Monideepa Choudhuri profiles one of the all-time greats of Assamese literature

1942 — an eventful year in Indian history. A year also when a young 15-year-old’s dream was born from behind the bars of a prison cell in Assam. A dream so beautiful and vivid that even after six decades, the then 15-year-old, now in his 75th year, remembers it as one that has endured “even reality”.

For Chandra Prasad Saikia, winner of the prestigious Assam Valley Literary Award, 2002, the dream — of a free, peaceful and tranquil India — has not been fulfilled. But it has not been lost in the vicissitudes of time either. “I am sanguine that India will one day become the country of that dream,” he professes.

Infused with such profound patriotism, it is no surprise to find almost every creative work of this literary giant permeated by a love for the land.
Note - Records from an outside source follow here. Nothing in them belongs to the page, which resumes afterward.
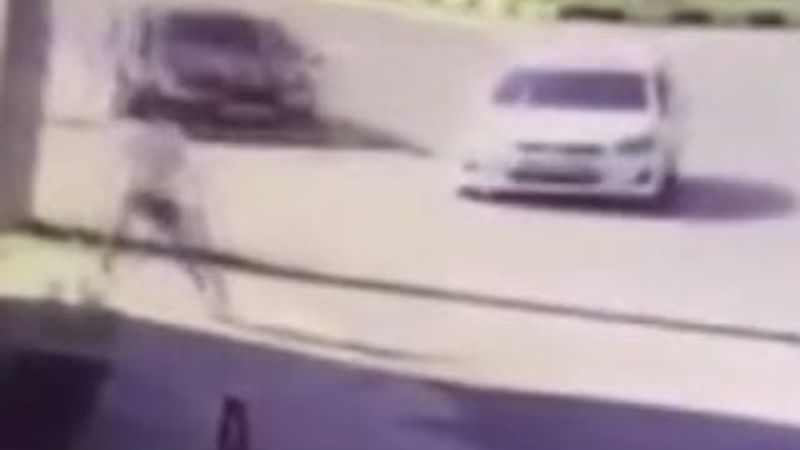 Aracın altında kalmaktan son anda kurtuldu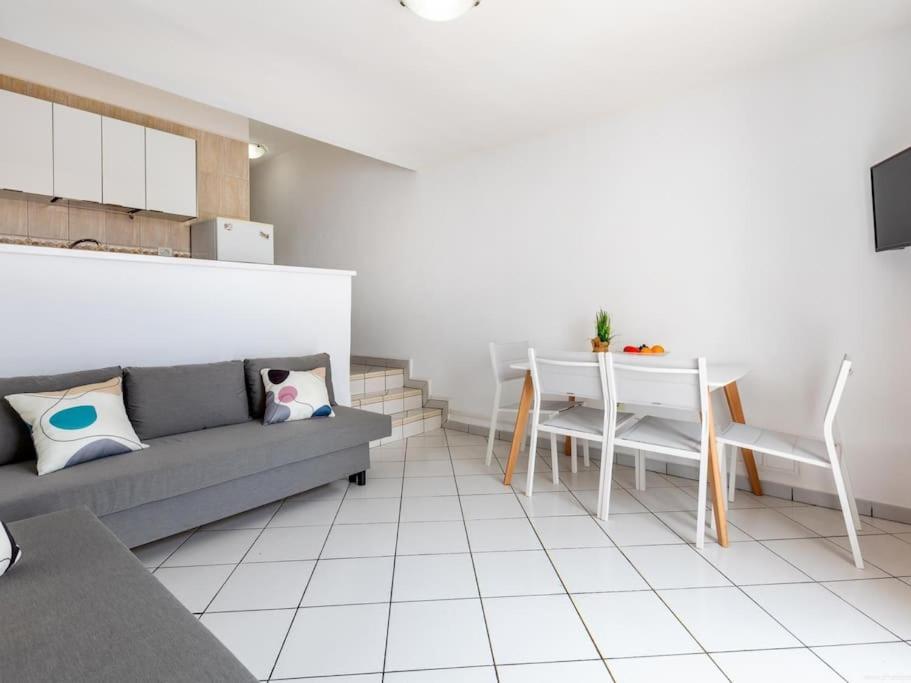 5C Oasis Beautiful Terrace And Pool Apartment Адехе Екстериор снимка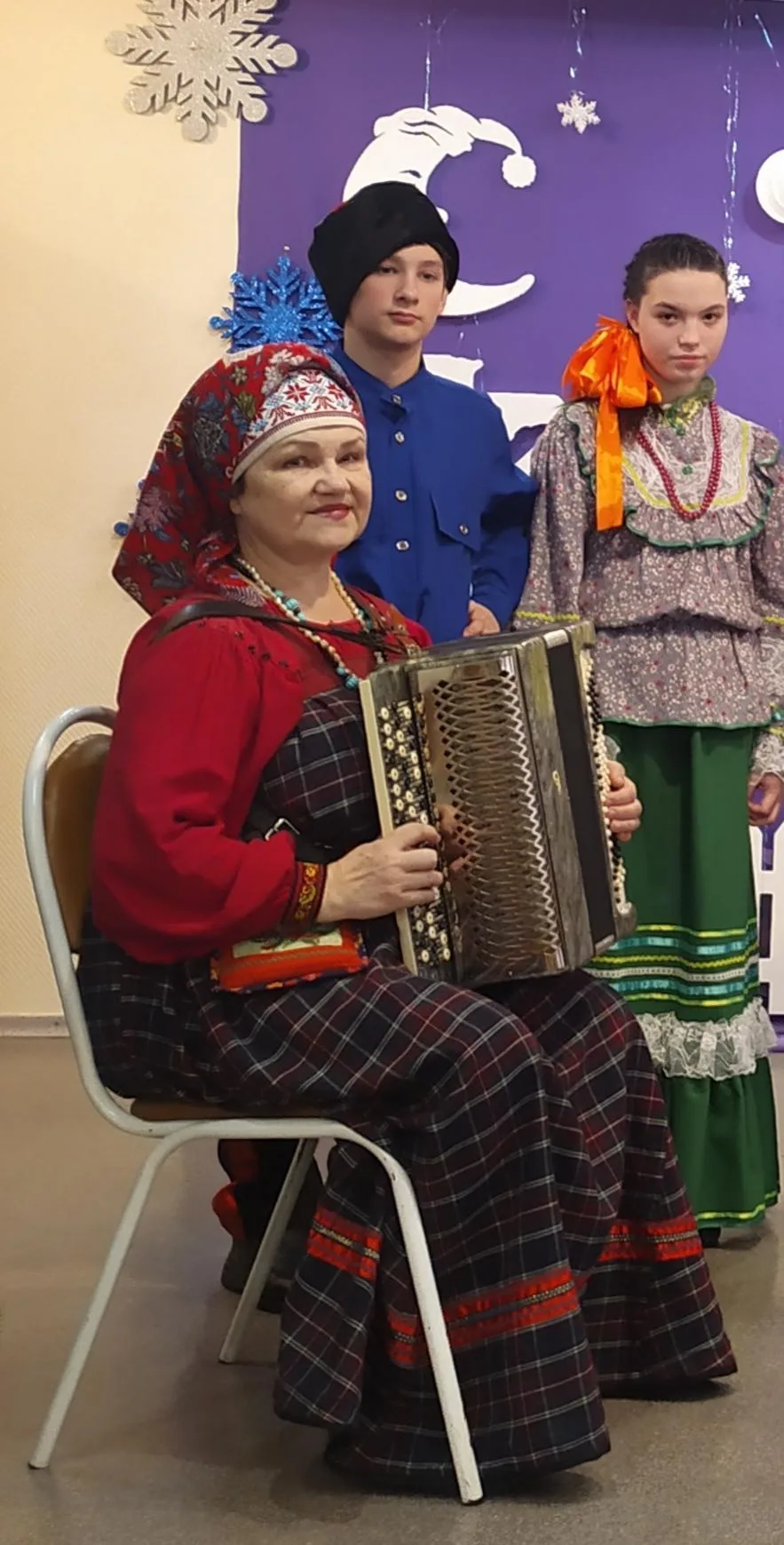 🥳Поздравляем с днём рождения педагога дополнительного образования, концертмейстера школьного фолькл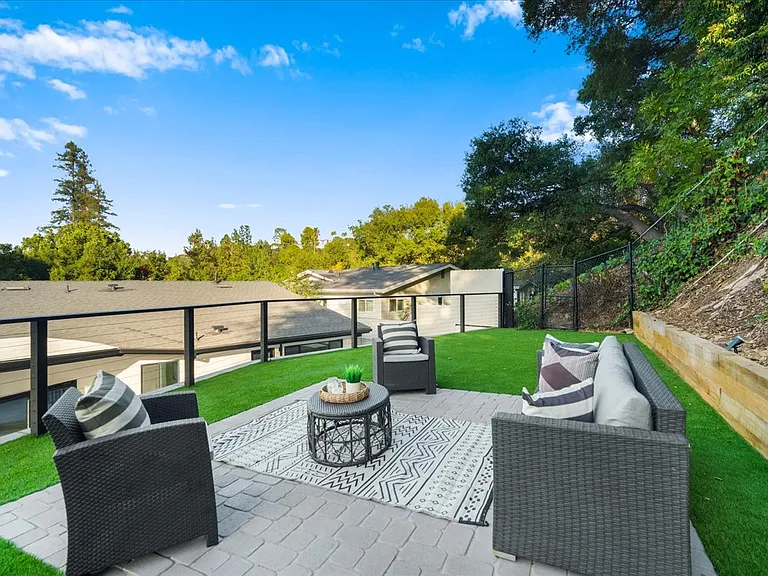 3873 Royal Woods Dr — Photo 32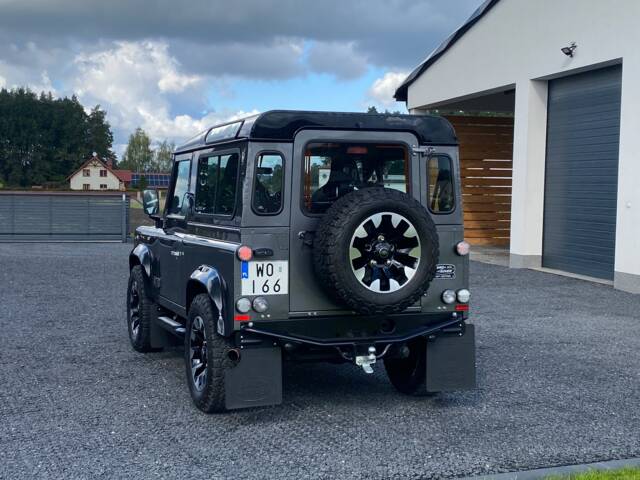 Land Rover Defender 90 Works V8 "70th Edition"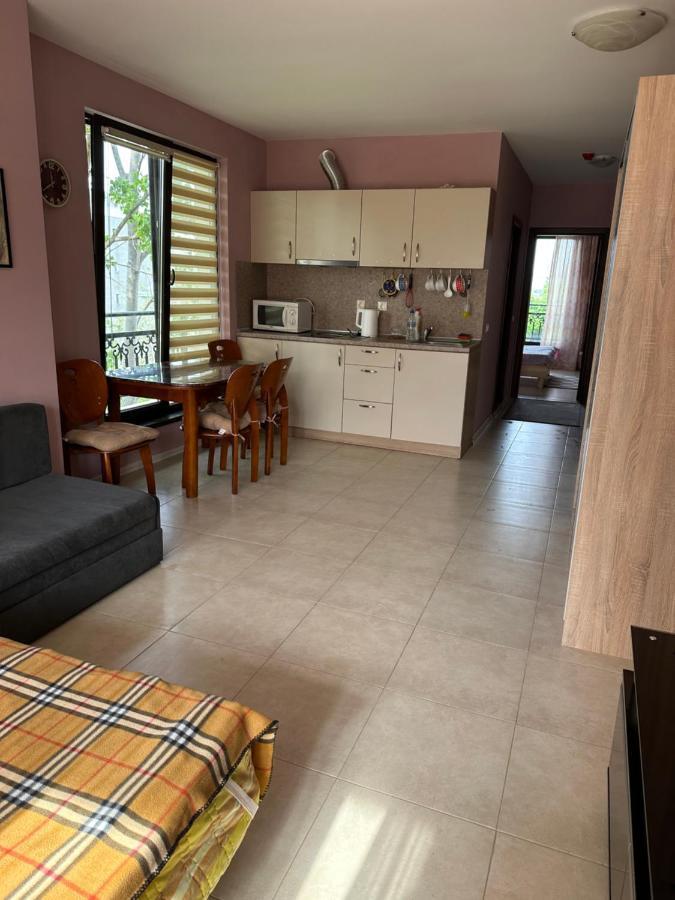 U-Dacha Apartment Слънчев бряг Екстериор снимка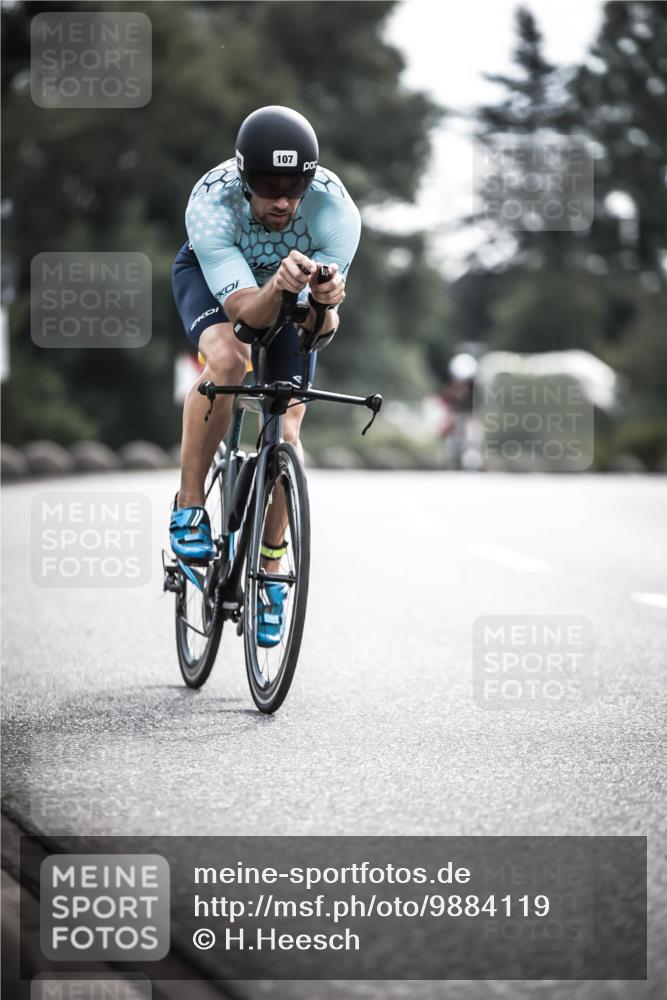 21.06.2026 - 29. Vierlanden-Triathlon H.Heesch http://msf.ph/oto/9884119 21.06.2026 09:19:05 Radfahren 79, 107, 268 meine-sportfotos.de
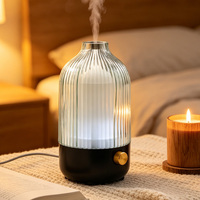 Diffuseur d'arômes élégant en plastique côtelé, écologique, éclairage LED, fonctionnement silencieux 30 dB, alimentation USB, ultrasonique, pour voiture et hôtel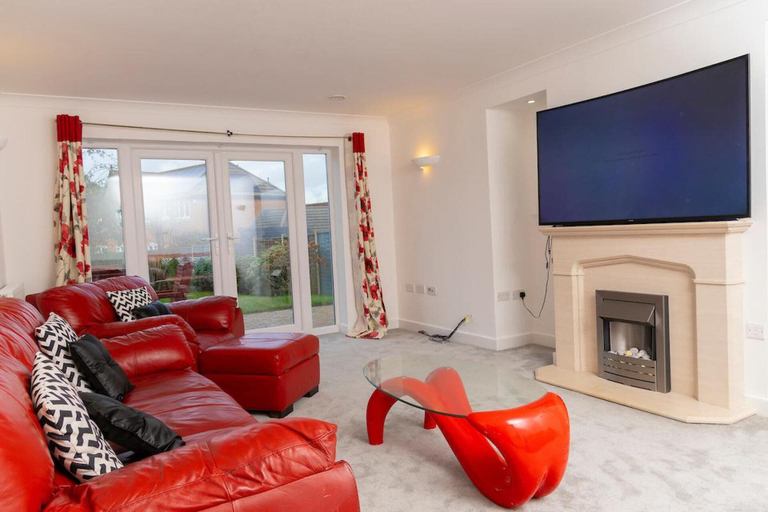 Others 5, 4 Luxurious Executive Villa, Kent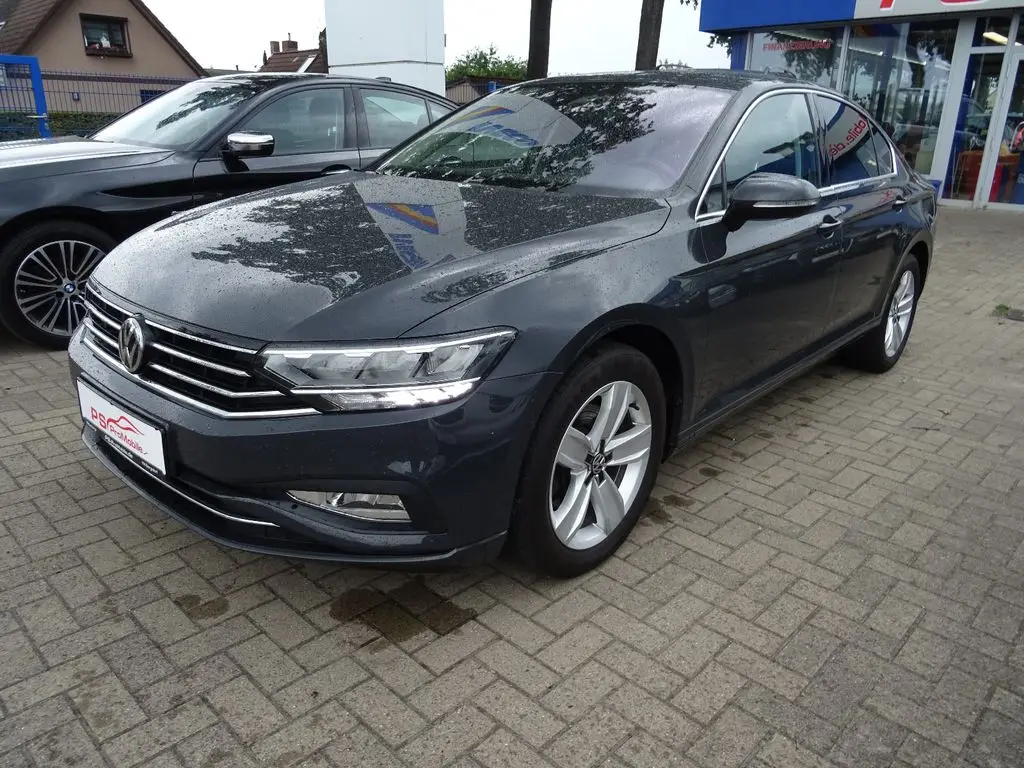 Photo 1 : Volkswagen Passat 2019 Diesel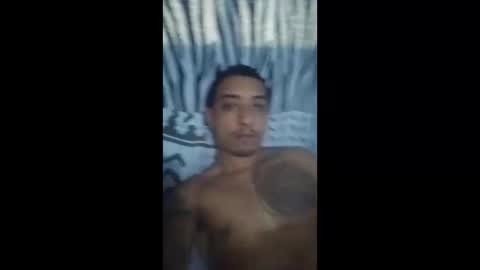 Snapshot of italosantos29 chatting on 05-18-26, 02:12 italosantos29 online show from 05-18-26, 02:12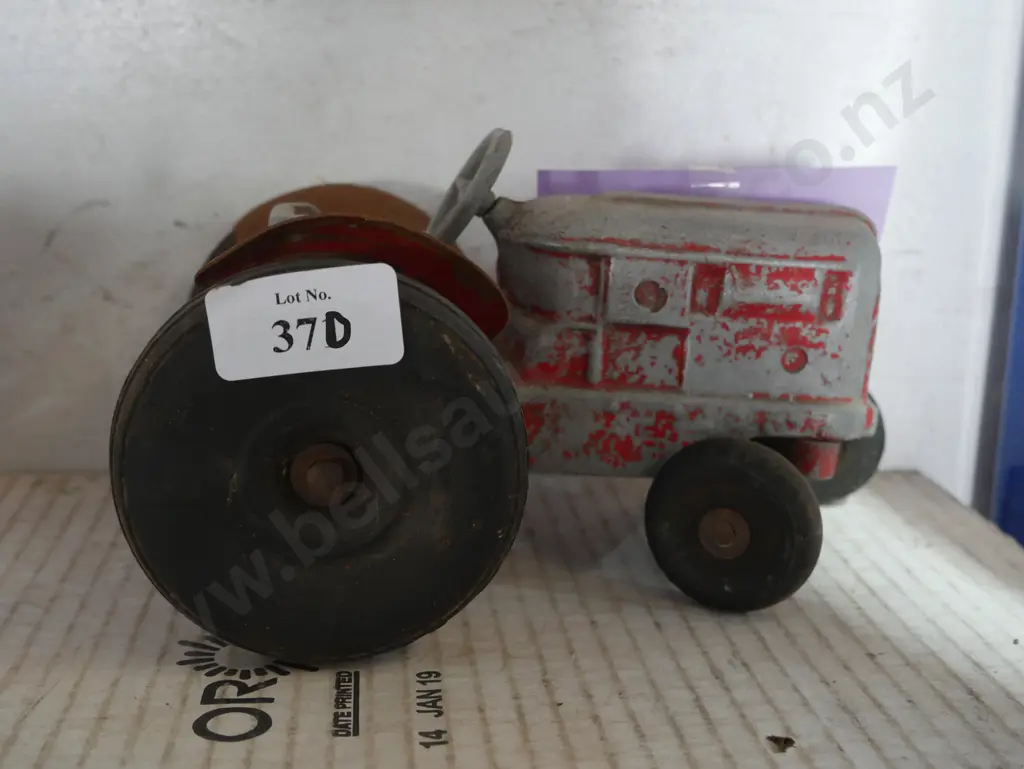 Tiger toys tractor Image 1++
From his first novel, Edin, written when he was still a post-graduate student of English literature in Calcutta University in 1951, to his in-print Imaginary Conversations with Rabindranath — it is nationalism that is all-pervading.

Joining the freedom movement in response to Mahatma Gandhi’s “Quit India” call and strident cries of “vande mataram” was the “biggest event” in Saikia’s life. “I was imprisoned twice and severely beaten up, but the passion did not fade,” he remembers. Out of prison, Saikia appeared for the matriculation examination as a private candidate and later graduated from Cotton College.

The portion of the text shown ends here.